A reverse mortgage is a specialty financial product available to Canadian homeowners aged 55 or older. It is simply a loan secured by the equity in your home, and the maximum amount you can obtain is 50% of your home’s value. However, this maximum is generally reserved for older homeowners, and those closer to 55 can expect considerably less.
At first glance, the features of a reverse mortgage do seem attractive. You can elect to take your tax-free payout as either a lump sum or as a series of payments, and with no requirement to make any repayments on the loan as long as you continue to live in the house. What’s not to like?
Well, what’s not to like is what lurks behind the scenes. The money you’ve been advanced continues to accrue interest, and at a much greater rate than prevailing mortgage rates. Reverse mortgages compound semi-annually, and the current 5-year reverse mortgage rate is about double what you’d expect if taking out a new mortgage.
Given these costs, you could see the entire equity you’ve built up over a lifetime of ownership reduced to nothing in very short order. Even so, for some homeowners, a reverse mortgage is a reasonable way to generate additional retirement income. But do be aware of the implications. Also, keep in mind that there are other ways you can use your home to provide income for your retirement. These include:
Sell your home and rent. This may be too drastic for some, but consider that the funds generated from the sale of your principal residence are exempt from taxes. For instance, if invested in a RIF or an annuity, the proceeds from the sale could generate an income stream for your retirement. This means you'll have to rent, which in itself adds to your monthly costs. But if you make enough on the sale, you could still come out ahead.
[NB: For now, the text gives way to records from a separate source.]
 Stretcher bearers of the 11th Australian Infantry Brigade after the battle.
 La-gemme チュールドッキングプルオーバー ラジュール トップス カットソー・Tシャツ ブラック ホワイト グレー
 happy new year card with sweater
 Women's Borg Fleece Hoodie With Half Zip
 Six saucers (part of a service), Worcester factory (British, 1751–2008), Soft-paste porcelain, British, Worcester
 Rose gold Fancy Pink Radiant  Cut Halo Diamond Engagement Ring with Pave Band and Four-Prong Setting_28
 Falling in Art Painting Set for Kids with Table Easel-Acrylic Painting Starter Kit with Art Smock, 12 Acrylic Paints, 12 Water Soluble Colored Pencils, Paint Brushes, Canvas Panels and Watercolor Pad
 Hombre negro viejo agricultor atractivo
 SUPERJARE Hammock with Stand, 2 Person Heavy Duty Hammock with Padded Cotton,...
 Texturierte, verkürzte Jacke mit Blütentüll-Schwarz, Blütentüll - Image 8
Downsize and pocket the difference. Many retirees living in major cities where property values have exploded in recent years, have made the move to smaller towns where they’ve been able to benefit from the difference in property values.
Rent out part of your house. This arrangement may not be suitable for all properties. But if your house is set up for it, renting a basement or spare room is one way to generate revenue from your house, while staying in your home and still maintaining ownership.
If you do opt to rent part of your home, you need to be aware of your tax obligations, which include reporting the rental income you receive as income for the year. More importantly, you must ensure that you don't inadvertently change the use of your home in the eyes of Revenue Canada, as this could result in the loss of your Principal Residence Exemption.
Generally speaking, if you keep the rental space to one third or less and don’t make structural changes to the home, you'll not likely be seen as having changed the use of your home. More information on changing part of your home to a rental property is available on the CRA website.
After considering the options, if you decide a reverse mortgage is indeed right for you, be sure to have an agreement in place that protects you from ever owing more than the value of the home itself. This way, you can always sell the house and be guaranteed to have sufficient funds to pay back what you owe.